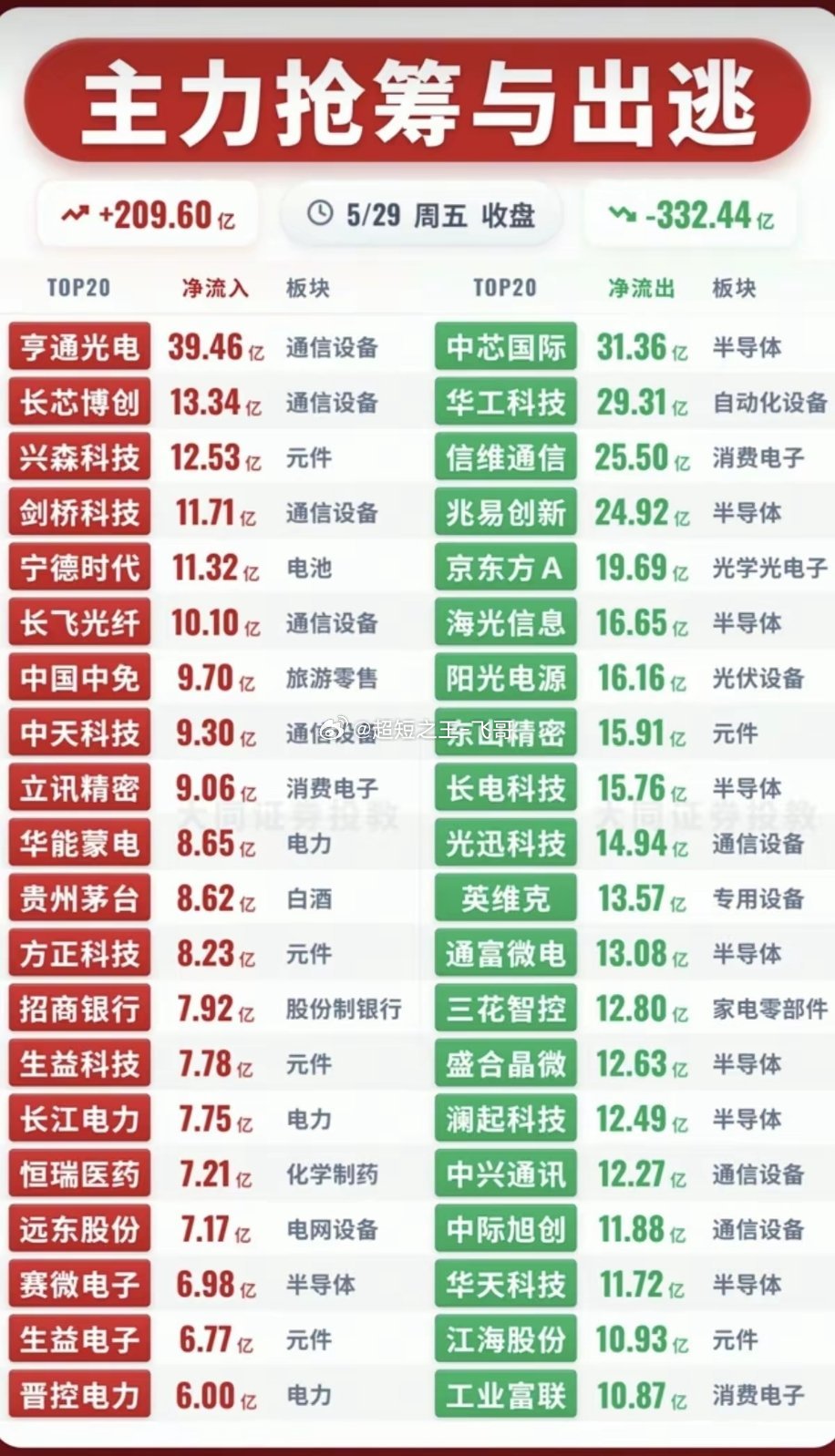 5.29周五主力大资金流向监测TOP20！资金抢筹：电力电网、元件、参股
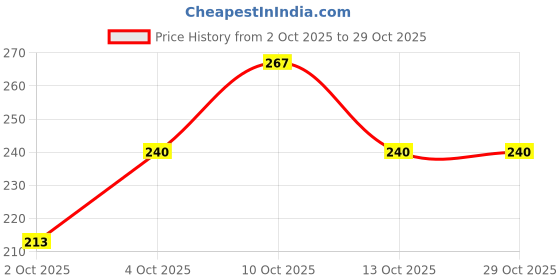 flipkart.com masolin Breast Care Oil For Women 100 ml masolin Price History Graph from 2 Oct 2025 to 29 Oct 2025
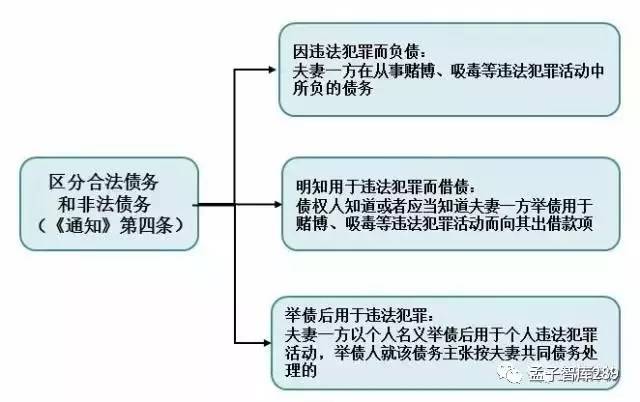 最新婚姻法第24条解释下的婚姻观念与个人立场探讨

******************************

**Task brief:**
Reproduce exactly the lines above from the one with "flipkart.com masolin Breast" through the last line of the data, keeping both ends and dropping the pictures.

**Answer for the task:**
 flipkart.com masolin Breast Care Oil For Women 100 ml masolin Price History Graph from 2 Oct 2025 to 29 Oct 2025
 最新婚姻法第24条解释下的婚姻观念与个人立场探讨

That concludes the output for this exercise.